JR脱線事故からマネジメントを学ぶ何かがおかしいIT化の進め方(20)(2/4 ページ)

» 2005年09月13日 12時00分 公開
[公江義隆,@IT]

問題が起こるまで問題があることに気付かないのが人の常

 1980年代に国鉄の民営化によって誕生したJR西日本は、大阪・神戸・京都・奈良・和歌山・宝塚など、関西拠点都市を結ぶ主要路線で、阪急・阪神・京阪・近鉄・南海の大手私鉄との熾烈な競争にさらされてきた。拠点駅の多くは、街の中心部で競争相手と隣り合わせに位置し、拠点駅間には競合私鉄の線路が平行して走っている。大きな面の広がりを持つ関東平野とは異なり、地形上から線の展開で発展してきた関西圏の特性の影響である。

 このような状況下で、JR西日本は、新駅の設置、競合線の拠点駅より先の駅からの大阪行き直通列車、スピード、乗換駅での接続など顧客サービスアップを戦略にして、多くの私鉄の低迷をよそに業績を伸ばしてきた。安全性への投資もそれなりにしてきていた(少なくとも、JR西日本自身はそのつもりであったであろう)。「もうけることを考えろ」とはいっても、「安全性はどうでもよいから」といっていたわけではないはずだ。事業としては表面的には成功してきた。「いままで採ってきた考え方でよい。これを続けよう」ということになっていたのであろう。しかし、現実には表面的な成功の裏で、無理やゆがみがたまり、1つのきっかけでゆがみが噴出し大事故を起こしてしまった。

 人間は健康なときには自分の臓器の存在を意識しない。ストレスが度を越えて痛みだして、初めて胃の存在を意識し、緊張や恐怖に出合って心拍数が上がることで、初めて心臓に気付く。相当無理を続けていても、症状が出るまでたまっているストレスの量に気が付かないものだ。体力を落としていても、病気になるまでダイエットをやめない人がいる。長年続けていると、それが習慣・常識になり、その問題に対して思考停止状態になっている。組織も同じである。問題が起こって初めて、そこに考えるべき課題や選択肢があったことに気付く。「自分のことは自分が一番知っている」というのは、必ずしも正しくない。焼き肉屋から出てきた人は、焼き肉のにおいで他人にはすぐ分かるが、当人はにおいを感じることが難しい。自分のにおいにはなかなか気が付かないものなのだ。うまくやっていると思うときにこそ、健康診断が必要である。
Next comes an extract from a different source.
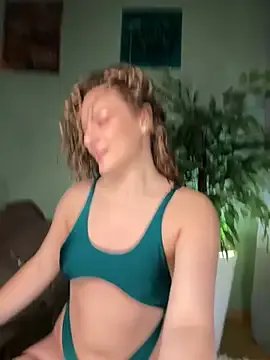 Mary_lost on StripChat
 これはIT分野にも当てはまる話だ。例えば、目先の仕事にかまけて人の育成を怠ってきてはいないだろうか。良かれと思って一生懸命続けてきたことが、結果的に大変なお荷物になっていたことがいままでになかっただろうか。気持ちのうえで難しいことだが、物事がうまくいっているときなら、戦略変更や人の交代は少ない損失や犠牲でできる。以前、「成功の秘訣は成功するまであきらめずに続けたから」といった話がはやったことがある。時代の変化速度は速くなったが、“人の考え”はなかなか変わらないものだ。戦略にも人事にも出処進退が大切になる。「失敗の原因は、失敗するまで止めなかった/やめなかったから」といったことにならないように考えないといけない時代だ。安易な前例踏襲や、経験者への丸投げは危ない。

マネジメントのポイントはトレード・オフ問題の処理

 新しい事業に進出するか否かといった経営トップの問題も、業務多忙の中で人材育成にどれだけ時間を充てるかというIT部門の問題も、1プロジェクトの中での技術選択も、マネジメントの多くの問題はトレード・オフの問題である。

 多くの意思決定の問題は、二律背反する複数の要素のバランスを取り、最適な行動を決めていくことにほかならない。現実には、すべてを理論的に解明できる問題はほとんどないから、最終的には意思決定者の“感”や“勘”に依存する部分が多分に残る。また、このプロセスでは、例えば従業員のやる気や企業への信用度といった、量的に表現できない要素や、尺度や次元の異なる多数の要素への影響を総合的に判断する必要に迫られる。多数の要素の中から考えるべきものを選び出し、直面している問題の本質を見抜き、どのような問題ととらえるかという見識や、判断基準をどこに求めるかという哲学や倫理観が結論を左右する。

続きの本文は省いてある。